At 11:38 p.m. on the night of August 17 a shift in the earth's crust deep under the Rocky Mountains triggered an earthquake which split a 7,000-foot mountain, sending millions of tons of rock down into the valley of the Madison River in southwestern Montana. The giant slide blocked the river and trapped or buried many campers, taking a toll of 10 lives, with 19 more persons missing and presumed dead.

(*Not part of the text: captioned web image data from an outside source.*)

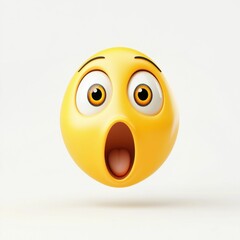Fototapeta premium Shocked Emoji on White Background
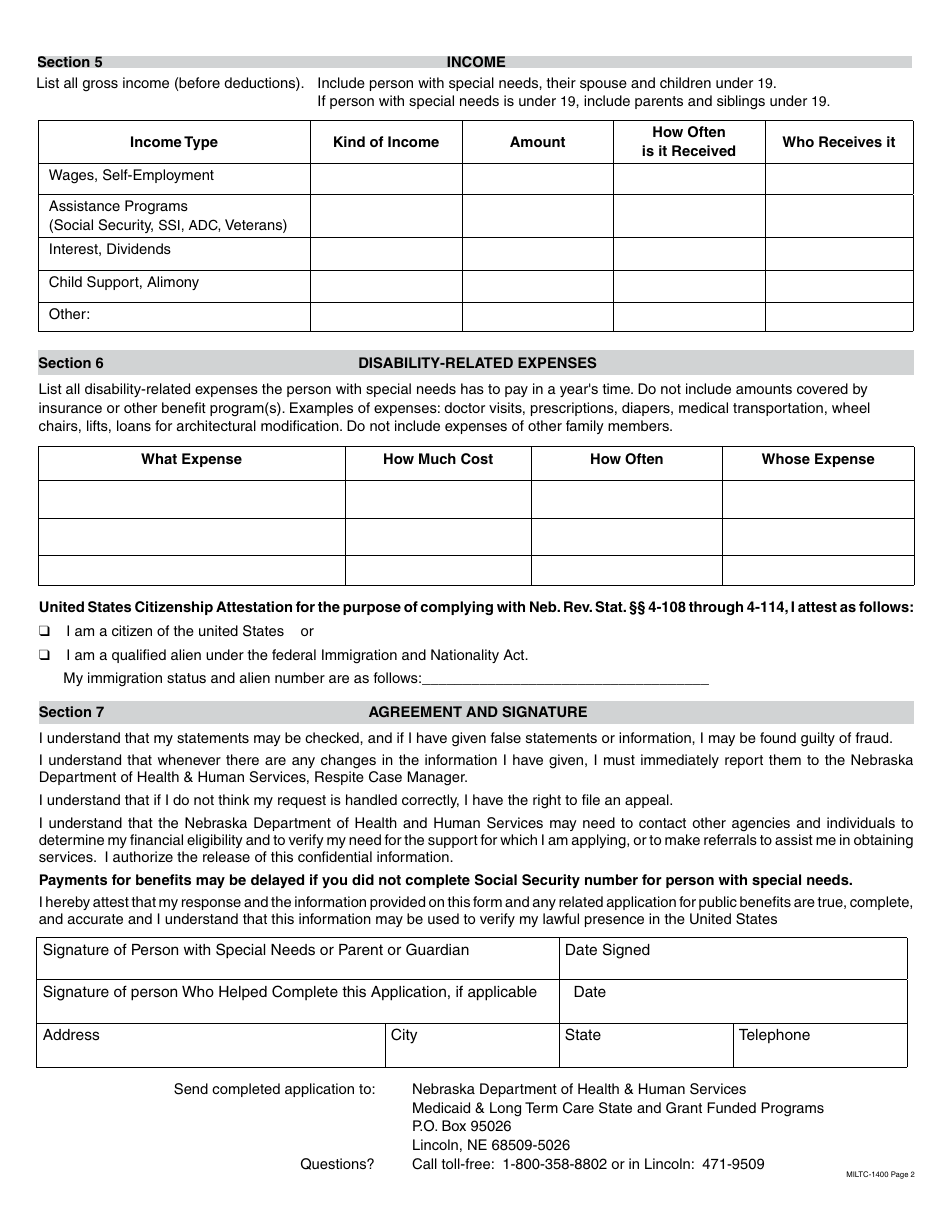Form MILTC-1400 Respite Subsidy Application - Nebraska, Page 2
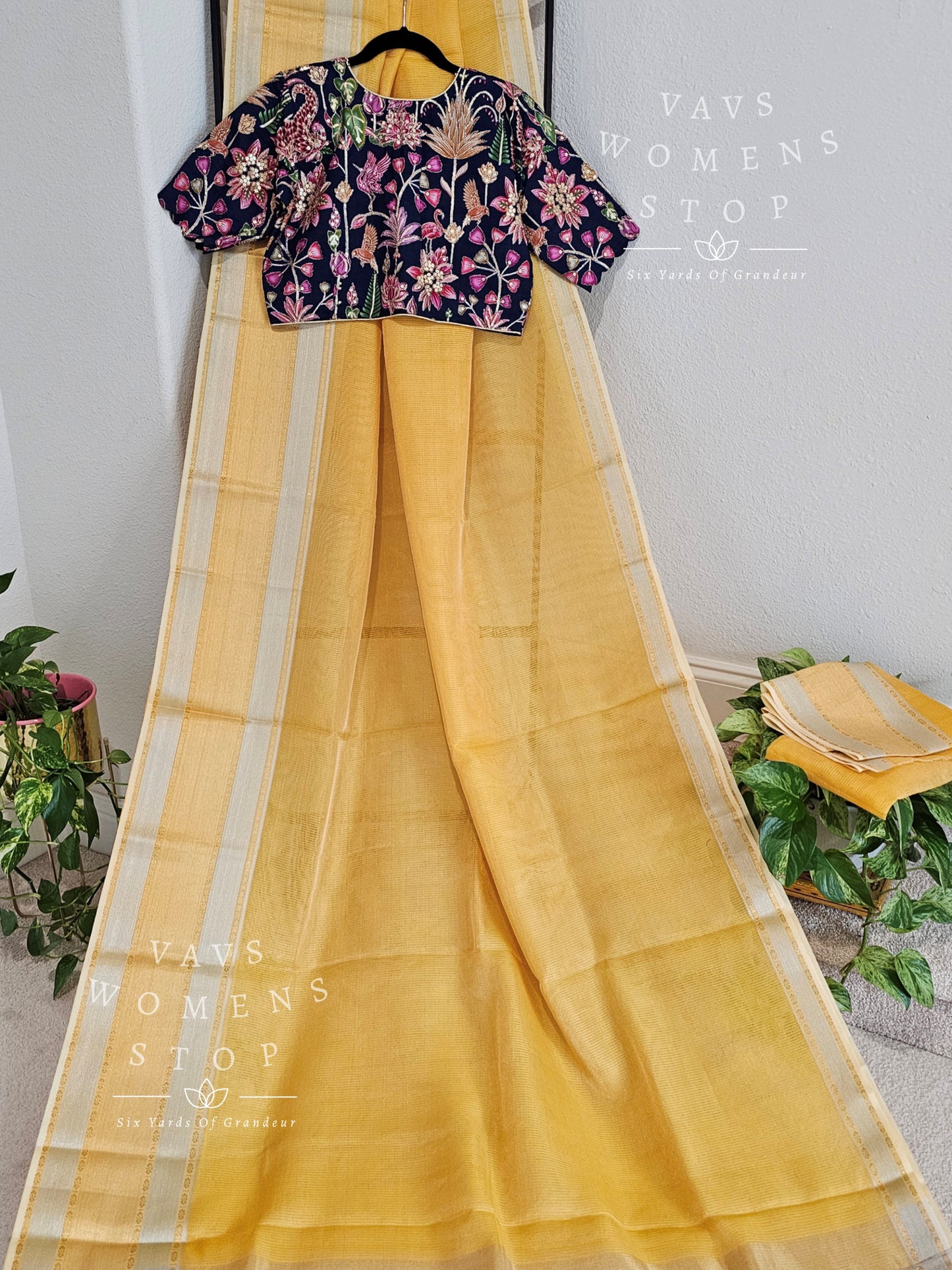 Pure Tussar Tissue Yellow Saree - Kalamkari Silk Blouse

The attention of the nation was focused on this disaster—on the rescue work, the search for those still buried beneath the slide and the further dangers imposed by the seven-mile lake formed by 85 million tons of rock piled across the valley in a wall 300 feet high. Amid this immediate concern for human life it was not at first realized that the earthquake which caused the tragedy was not a local phenomenon but actually affected some 550,000 square miles of the surrounding area. It was, in fact, the fourth most severe earthquake ever recorded in the United States.
While the avalanche roared down into the valley of the Madison even greater changes in the earth's face were taking place in other mountainous sections near the quake's epicenter. The greatest of these occurred in Yellowstone National Park, the first and most spectacular of America's chain of outdoor playgrounds. Following the earthquake, roads were kept closed to visitors while heavy road-building machines were thrown into the work of moving thousands of tons of earth and rock. A fortnight ago fragmentary reports appeared, indicating there had been major alterations in this most famous American vacation land. Photographer Richard Meek and I went to Yellowstone immediately to find out just what effects the earthquake had had on this historic area.
November 2, 1959
During our very first day in the park, it dawned on me that Meek and I were witnessing the kind of primeval convulsion which, eons ago, had created the wonders which millions of tourists have so long admired. The face of the earth was being reshaped at Yellowstone—more drastically, perhaps, than at any time in recorded U.S. history.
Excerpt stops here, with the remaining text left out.